Entries supplied below:

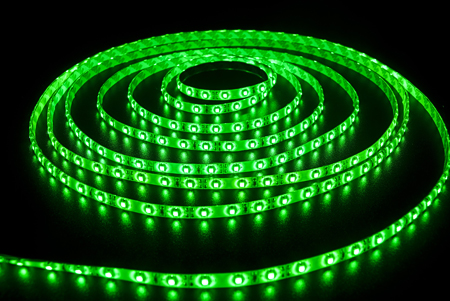 60 LED 3528 G лента в силиконе 12V,4.8W метр 10mm IP65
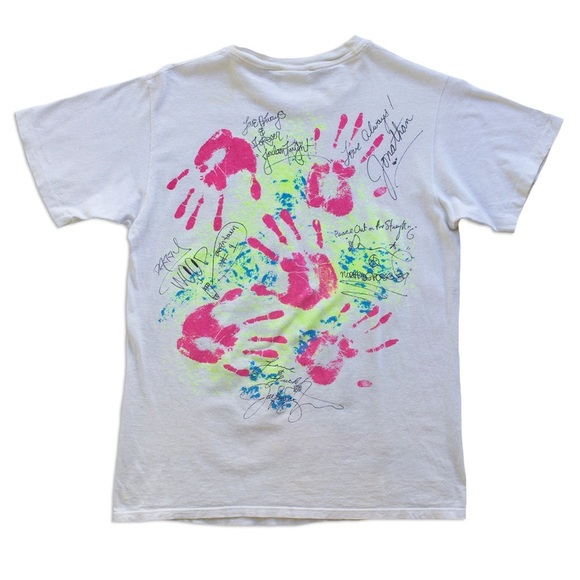 1989 VINTAGE New Kids On The Block Band Concert Tee Shirt - Picture 3 of 4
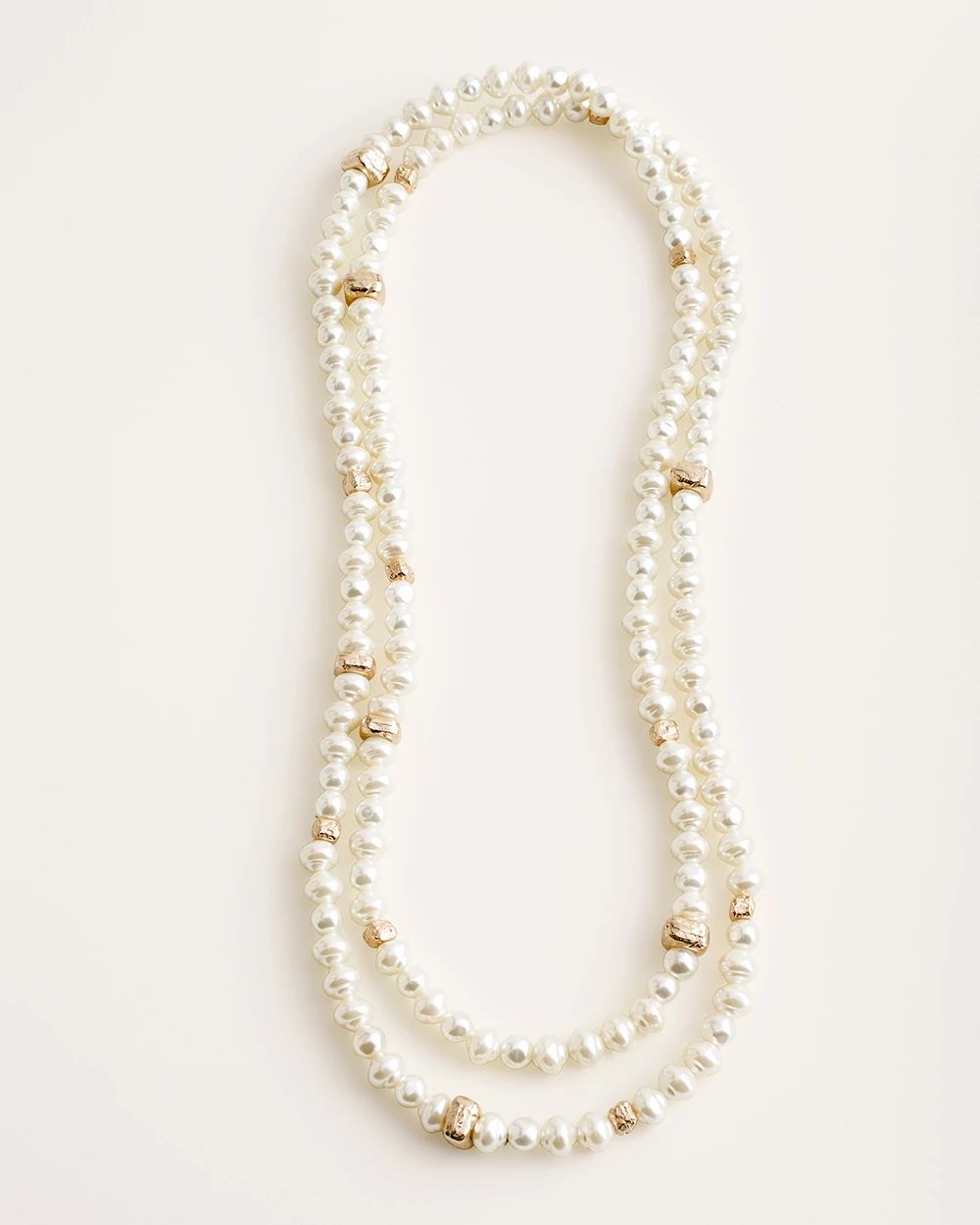 Classic Faux-Pearl Single-Strand Necklace
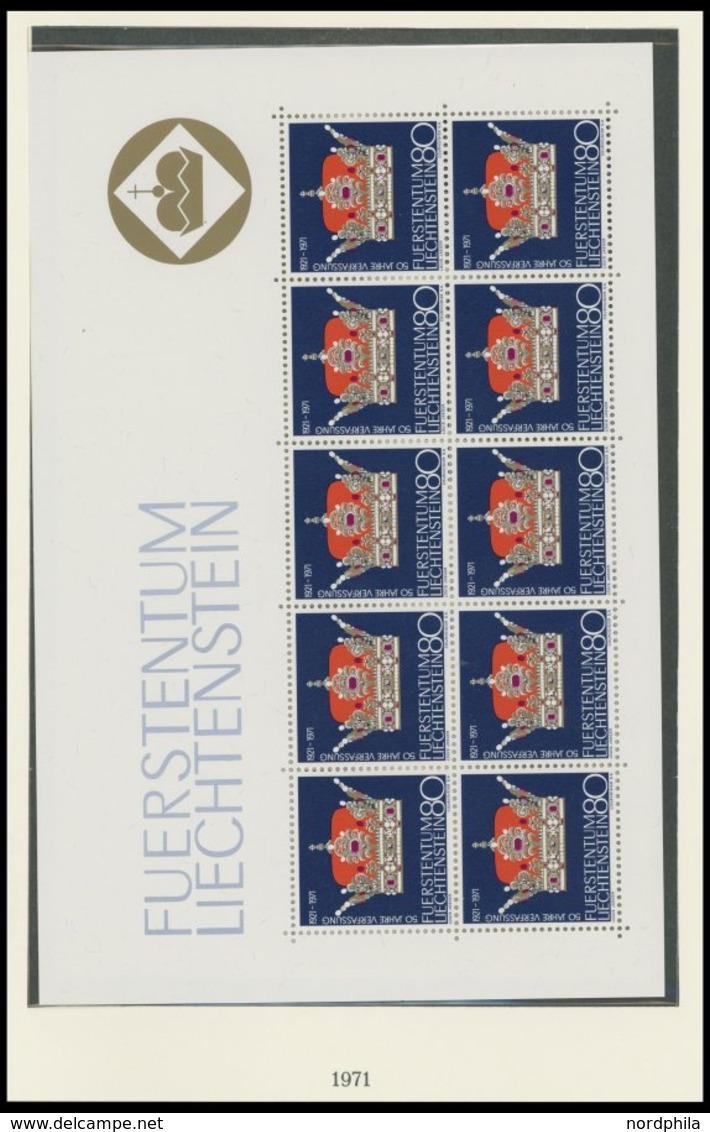 1970-75, Partie Von 60 Verschiedenen Postfrischen Blocks, Kleinbogen Und Schwarzdrucken Europa Im Lindner Falzlosalbum,  - Autres - Europe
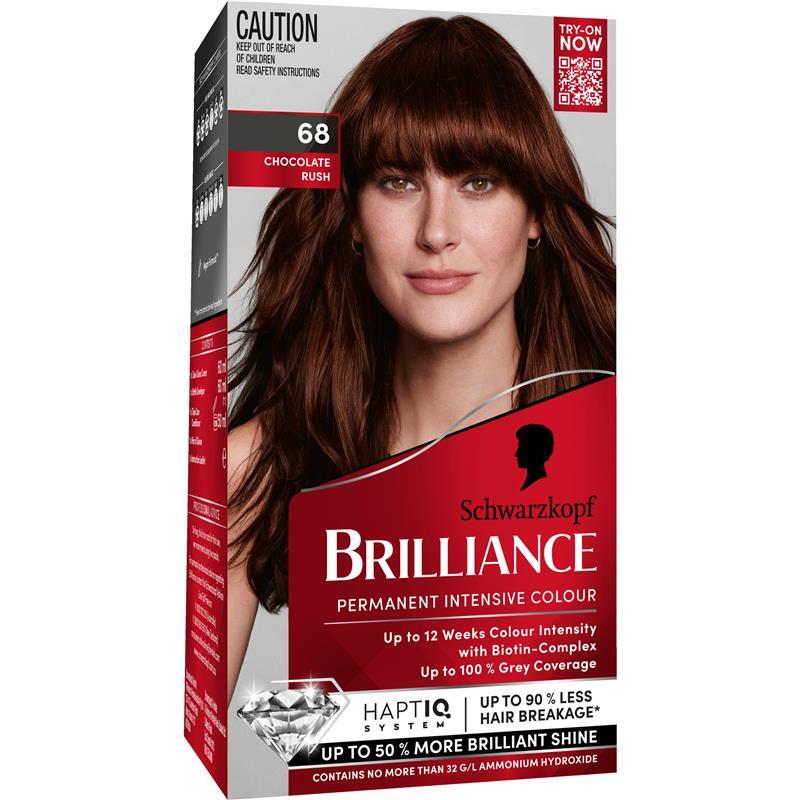 Load image into Gallery viewer, Schwarzkopf Brilliance 68 Chocolate Rush New
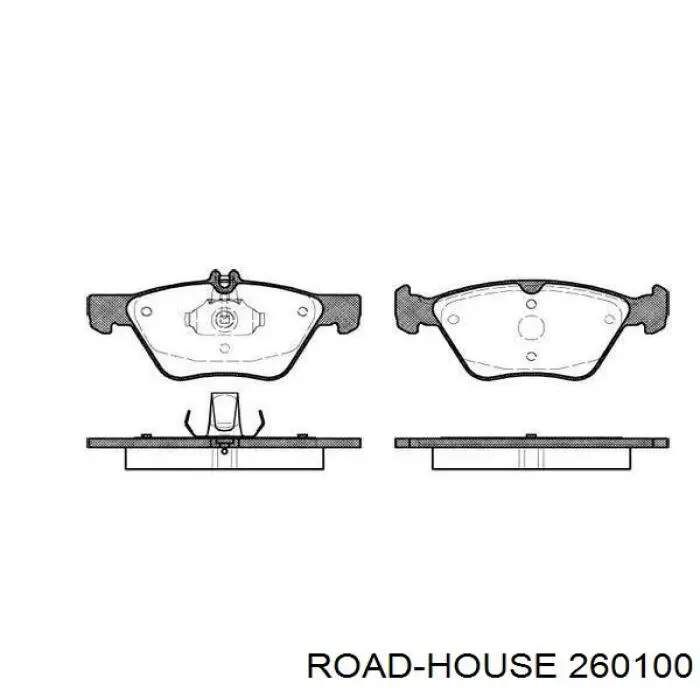 Sapatas do freio dianteiras de disco Road House 260100 preço, a partir de 34,58 USD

End of Entries supplied.

What to work on: Exact copy, no pictures: reproduce every entry shown above.

Answer section:
 60 LED 3528 G лента в силиконе 12V,4.8W метр 10mm IP65
 1989 VINTAGE New Kids On The Block Band Concert Tee Shirt - Picture 3 of 4
 Classic Faux-Pearl Single-Strand Necklace
 1970-75, Partie Von 60 Verschiedenen Postfrischen Blocks, Kleinbogen Und Schwarzdrucken Europa Im Lindner Falzlosalbum,  - Autres - Europe
 Load image into Gallery viewer, Schwarzkopf Brilliance 68 Chocolate Rush New
 Sapatas do freio dianteiras de disco Road House 260100 preço, a partir de 34,58 USD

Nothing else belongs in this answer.